Writing at Gunpoint: Victory Gardens
In WWI and WWII in the US, United Kingdom, Canada, and Germany, private citizens were asked to plant vegetable, fruit, and herb gardens on their own land or in public parks to take pressure off national food supplies. These Victory Gardens were also meant to boost morale, giving citizens a way to do something positive for themselves and the war effort. A few of those gardens are still active today.
Like any other garden, of course, they require a lot of regular, repetetive work -- work for which you don't immediately see the results.

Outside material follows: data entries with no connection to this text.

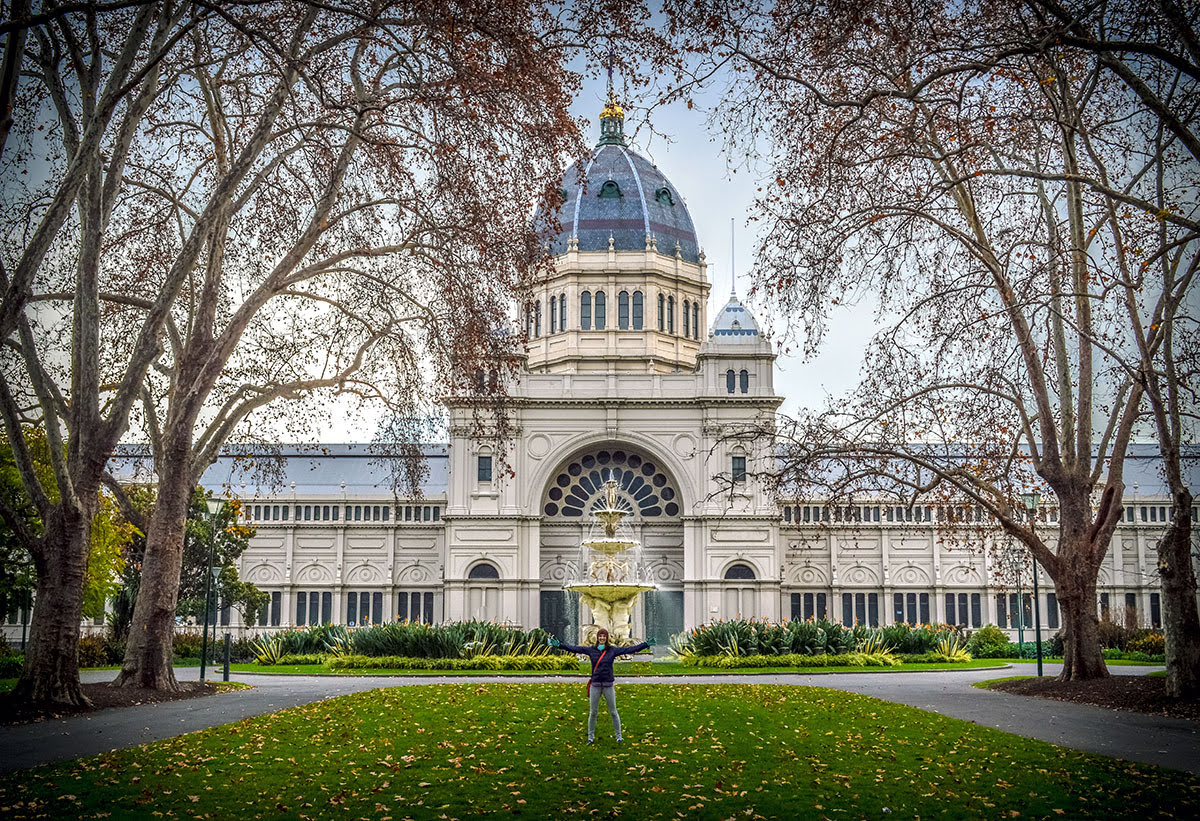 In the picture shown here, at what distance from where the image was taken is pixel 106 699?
1873 cm

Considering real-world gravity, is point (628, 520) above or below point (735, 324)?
below

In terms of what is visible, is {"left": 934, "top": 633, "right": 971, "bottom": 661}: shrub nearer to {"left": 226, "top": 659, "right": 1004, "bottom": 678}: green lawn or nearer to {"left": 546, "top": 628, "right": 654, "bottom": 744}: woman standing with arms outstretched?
{"left": 226, "top": 659, "right": 1004, "bottom": 678}: green lawn

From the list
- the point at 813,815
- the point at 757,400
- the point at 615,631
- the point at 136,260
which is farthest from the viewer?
the point at 757,400

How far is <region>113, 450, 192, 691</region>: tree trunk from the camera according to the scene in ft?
67.9

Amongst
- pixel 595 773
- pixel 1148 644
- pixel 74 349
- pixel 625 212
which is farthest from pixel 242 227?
pixel 625 212

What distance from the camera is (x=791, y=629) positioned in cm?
3669

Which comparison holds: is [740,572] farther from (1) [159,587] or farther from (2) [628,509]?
(1) [159,587]

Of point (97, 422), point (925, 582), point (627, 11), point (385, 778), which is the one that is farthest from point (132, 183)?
point (925, 582)

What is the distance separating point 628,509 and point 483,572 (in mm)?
8008

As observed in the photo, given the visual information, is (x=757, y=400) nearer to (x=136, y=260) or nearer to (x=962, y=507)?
(x=962, y=507)

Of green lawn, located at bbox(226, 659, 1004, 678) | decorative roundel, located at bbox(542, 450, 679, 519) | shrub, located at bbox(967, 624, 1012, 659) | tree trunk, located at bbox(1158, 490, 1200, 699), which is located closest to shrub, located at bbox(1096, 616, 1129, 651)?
shrub, located at bbox(967, 624, 1012, 659)

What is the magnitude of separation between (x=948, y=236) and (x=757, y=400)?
33.6 metres

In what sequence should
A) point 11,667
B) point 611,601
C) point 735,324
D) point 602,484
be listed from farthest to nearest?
point 735,324, point 602,484, point 611,601, point 11,667

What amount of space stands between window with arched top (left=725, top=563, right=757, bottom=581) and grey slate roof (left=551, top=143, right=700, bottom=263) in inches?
765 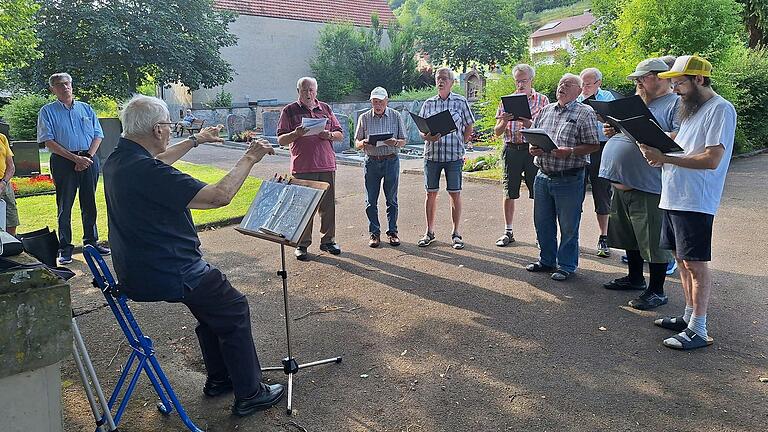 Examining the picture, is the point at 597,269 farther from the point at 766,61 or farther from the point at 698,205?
the point at 766,61

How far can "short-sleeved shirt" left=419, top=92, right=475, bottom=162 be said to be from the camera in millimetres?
6977

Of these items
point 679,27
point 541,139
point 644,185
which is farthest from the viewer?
point 679,27

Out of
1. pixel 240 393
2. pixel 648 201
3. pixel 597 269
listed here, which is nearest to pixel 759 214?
pixel 597 269

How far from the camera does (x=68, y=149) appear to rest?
6906mm

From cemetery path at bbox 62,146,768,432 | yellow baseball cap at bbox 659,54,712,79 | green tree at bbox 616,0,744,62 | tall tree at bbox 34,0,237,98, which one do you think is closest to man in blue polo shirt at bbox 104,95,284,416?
cemetery path at bbox 62,146,768,432

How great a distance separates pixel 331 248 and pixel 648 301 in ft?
11.7

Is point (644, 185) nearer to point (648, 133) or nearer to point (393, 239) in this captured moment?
point (648, 133)

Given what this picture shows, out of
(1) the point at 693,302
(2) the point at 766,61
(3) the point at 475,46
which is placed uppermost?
(3) the point at 475,46

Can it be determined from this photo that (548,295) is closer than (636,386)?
No

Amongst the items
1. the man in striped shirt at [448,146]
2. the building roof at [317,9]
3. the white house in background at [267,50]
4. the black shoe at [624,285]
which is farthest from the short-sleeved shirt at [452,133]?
the building roof at [317,9]

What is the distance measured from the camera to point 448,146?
22.9 feet

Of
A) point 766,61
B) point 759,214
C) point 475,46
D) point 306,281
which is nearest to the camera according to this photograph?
point 306,281

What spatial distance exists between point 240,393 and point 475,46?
4550 cm

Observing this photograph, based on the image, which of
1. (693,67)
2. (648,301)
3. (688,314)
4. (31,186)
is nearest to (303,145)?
(648,301) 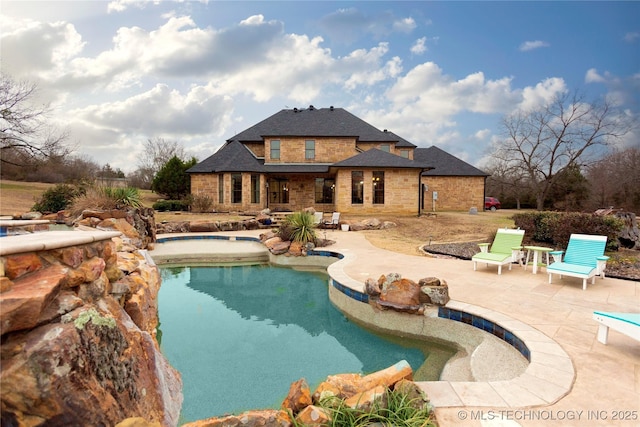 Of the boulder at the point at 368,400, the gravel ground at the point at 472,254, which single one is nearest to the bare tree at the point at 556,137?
the gravel ground at the point at 472,254

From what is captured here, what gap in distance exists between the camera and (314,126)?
979 inches

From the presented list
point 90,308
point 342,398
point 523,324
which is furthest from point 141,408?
point 523,324

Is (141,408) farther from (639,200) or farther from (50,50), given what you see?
(639,200)

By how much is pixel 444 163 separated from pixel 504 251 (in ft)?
71.3

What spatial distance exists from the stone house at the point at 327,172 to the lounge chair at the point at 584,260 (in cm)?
1308

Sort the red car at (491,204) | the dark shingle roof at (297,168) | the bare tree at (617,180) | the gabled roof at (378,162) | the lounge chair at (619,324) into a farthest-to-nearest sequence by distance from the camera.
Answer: the red car at (491,204) < the dark shingle roof at (297,168) < the bare tree at (617,180) < the gabled roof at (378,162) < the lounge chair at (619,324)

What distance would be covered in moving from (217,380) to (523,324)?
13.3 feet

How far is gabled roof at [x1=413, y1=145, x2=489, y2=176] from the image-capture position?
26.6m

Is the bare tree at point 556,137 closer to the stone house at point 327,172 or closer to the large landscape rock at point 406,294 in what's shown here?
the stone house at point 327,172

That sound like anything familiar?
Inspiration is Shy
Like a classroom full of kindergarteners on the first day of school, only one or two good ideas rattling around in your head are going to be loud and insistent enough to drive you to write if you wait for the ideas to give you the motivation.
The vast majority of those ideas are shy enough that they will be happy to be left alone, sitting quietly and waiting for the graham crackers at snack time.
The only way to get those ideas to come out and express themselves is to put them on the spot, to give them a chance to be heard even if they're not clamoring for attention.
Building your Habit
There's no substitute for a regular, inexorable schedule for your writing. It might be daily, it might be once or twice a week, but unless you're at all serious about your blog, posting regularly, even when you don't have a burning idea to express, is the key to putting yourself in a position to find those shy, quiet inspirations.
Back to the Garden
When a gardener plants a row of beans, she doesn't know which plant is going to produce best. She might make a few guesses or predictions about where the best plants have been before, about better sunlight and water, but there are enough other variables in the mix that she won't be able to predict that result 100%.
The same is true for that daily habit -- you won't know ahead of time which blog entries will be the best, most powerful ideas before you sit down to write them. You might have some ideas, some predicions, but until you sit down to do the writing and see what you come up with, you won't know if it's going to be any good or not.
Your Business or Organization Blog
Victory Gardens were planted by people who probably would not have bothered to grown their own produce if it were not for the war, and if the program were not wrapped in the support for the war effort.
The same thing is true for Writers at Gunpoint -- you're writing because your business needs you to, not because you love expressing yourself online and area a natural writer. You've taken on the blogging challenge as a part of your duty and loyalty.
It will take some time for your blog to bear fruit -- for a long time it's going to be bare and weedy, and your work on it will be an act of faith more than anything else. But if you keep doing the work, putting in the time, bringing those shy ideas out into the sunlight where they can grow and develop, your blog will be your very own Victory Garden -- it will serve both you and your organization.